▸ **Short web captions**:

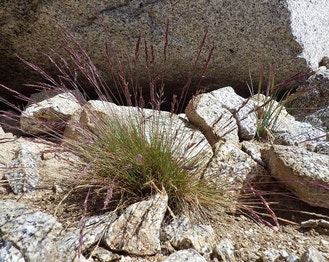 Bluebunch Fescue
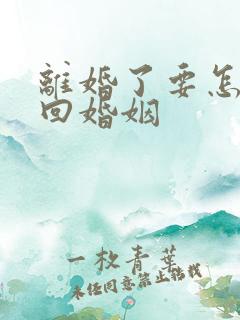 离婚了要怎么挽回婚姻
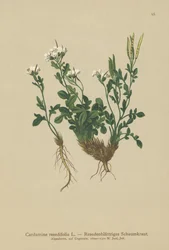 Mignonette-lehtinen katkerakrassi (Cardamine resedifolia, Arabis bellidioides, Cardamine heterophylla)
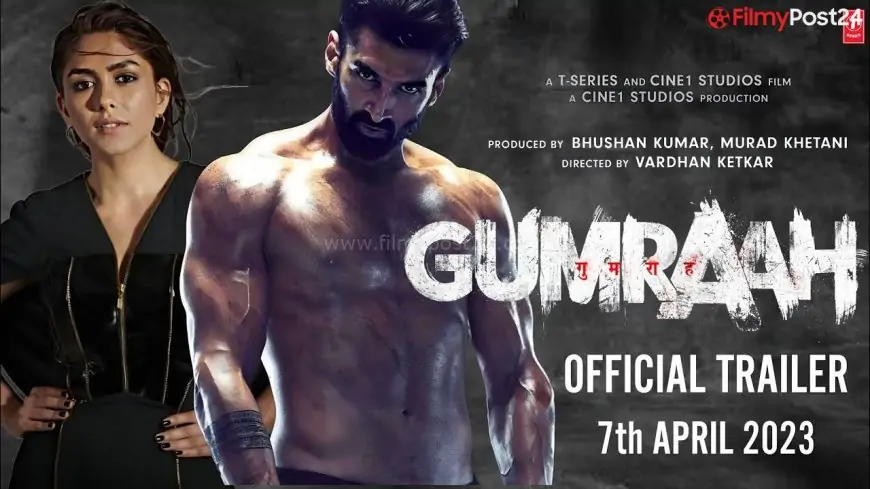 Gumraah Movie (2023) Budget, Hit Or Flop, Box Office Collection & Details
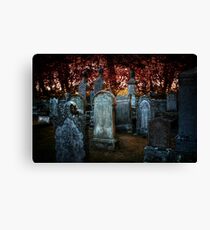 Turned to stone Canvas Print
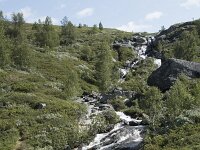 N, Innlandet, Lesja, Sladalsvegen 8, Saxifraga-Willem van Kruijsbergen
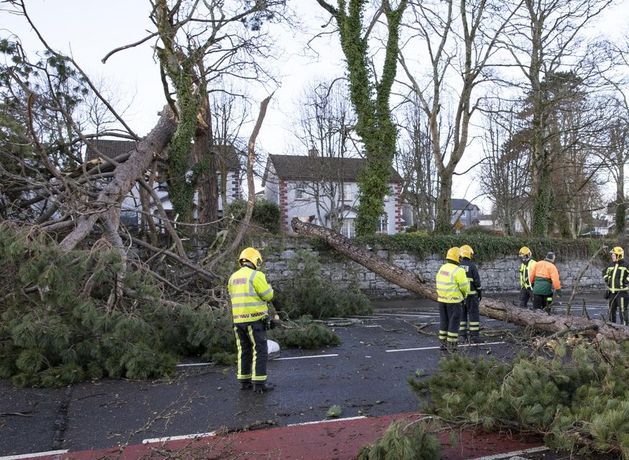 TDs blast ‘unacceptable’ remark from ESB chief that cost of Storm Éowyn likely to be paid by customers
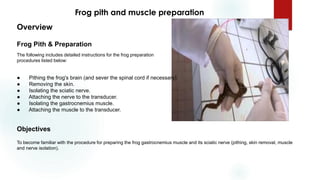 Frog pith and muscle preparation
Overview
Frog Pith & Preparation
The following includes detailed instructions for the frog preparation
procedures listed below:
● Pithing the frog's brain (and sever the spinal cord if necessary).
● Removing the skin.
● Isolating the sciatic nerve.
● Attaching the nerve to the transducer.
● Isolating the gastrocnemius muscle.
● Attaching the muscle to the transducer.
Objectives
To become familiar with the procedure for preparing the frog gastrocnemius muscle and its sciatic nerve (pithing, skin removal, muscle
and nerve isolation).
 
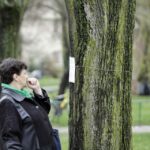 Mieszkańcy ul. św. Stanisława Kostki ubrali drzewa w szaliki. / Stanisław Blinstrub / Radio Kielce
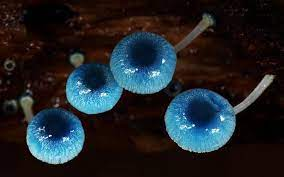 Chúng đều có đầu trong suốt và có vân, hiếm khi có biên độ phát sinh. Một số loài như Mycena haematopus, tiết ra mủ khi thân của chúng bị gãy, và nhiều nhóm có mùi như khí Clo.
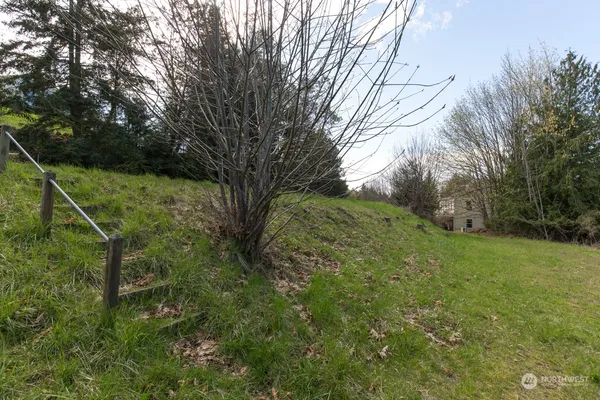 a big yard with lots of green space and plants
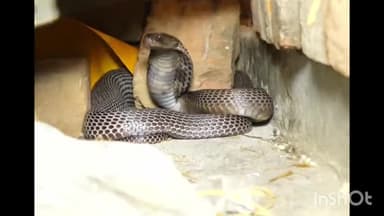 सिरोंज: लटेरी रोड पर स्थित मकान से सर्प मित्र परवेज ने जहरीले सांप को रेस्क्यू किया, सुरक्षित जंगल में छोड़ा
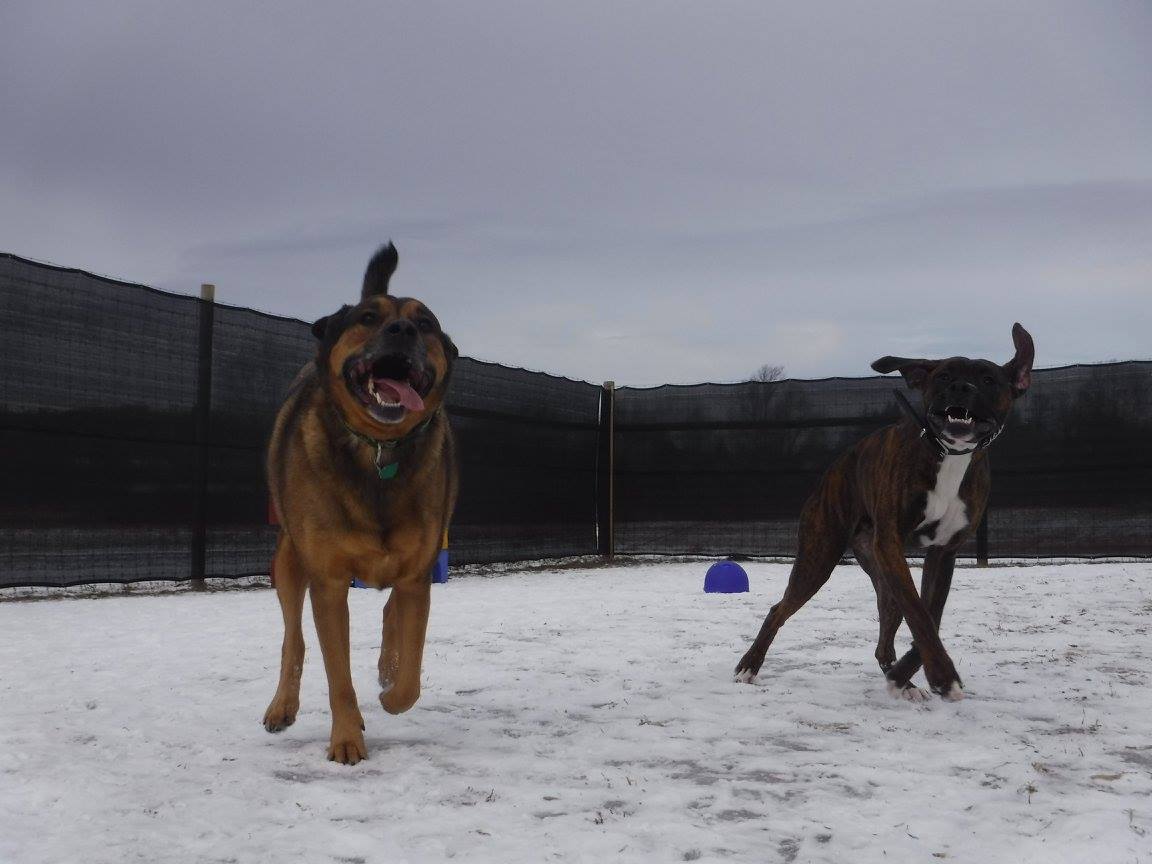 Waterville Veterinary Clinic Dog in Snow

▸ **TASK BRIEF**:
The answer must consist only of the lines from the beginning of the entries above through the line that holds "Mieszkańcy ul. św.", reproduced exactly and without pictures.

▸ **EXERCISE ANSWER**:
 Bluebunch Fescue
 离婚了要怎么挽回婚姻
 Mignonette-lehtinen katkerakrassi (Cardamine resedifolia, Arabis bellidioides, Cardamine heterophylla)
 Gumraah Movie (2023) Budget, Hit Or Flop, Box Office Collection & Details
 Turned to stone Canvas Print
 N, Innlandet, Lesja, Sladalsvegen 8, Saxifraga-Willem van Kruijsbergen
 TDs blast ‘unacceptable’ remark from ESB chief that cost of Storm Éowyn likely to be paid by customers
 Frog pith and muscle preparation
Overview
Frog Pith & Preparation
The following includes detailed instructions for the frog preparation
procedures listed below:
● Pithing the frog's brain (and sever the spinal cord if necessary).
● Removing the skin.
● Isolating the sciatic nerve.
● Attaching the nerve to the transducer.
● Isolating the gastrocnemius muscle.
● Attaching the muscle to the transducer.
Objectives
To become familiar with the procedure for preparing the frog gastrocnemius muscle and its sciatic nerve (pithing, skin removal, muscle
and nerve isolation).
 
 Mieszkańcy ul. św. Stanisława Kostki ubrali drzewa w szaliki. / Stanisław Blinstrub / Radio Kielce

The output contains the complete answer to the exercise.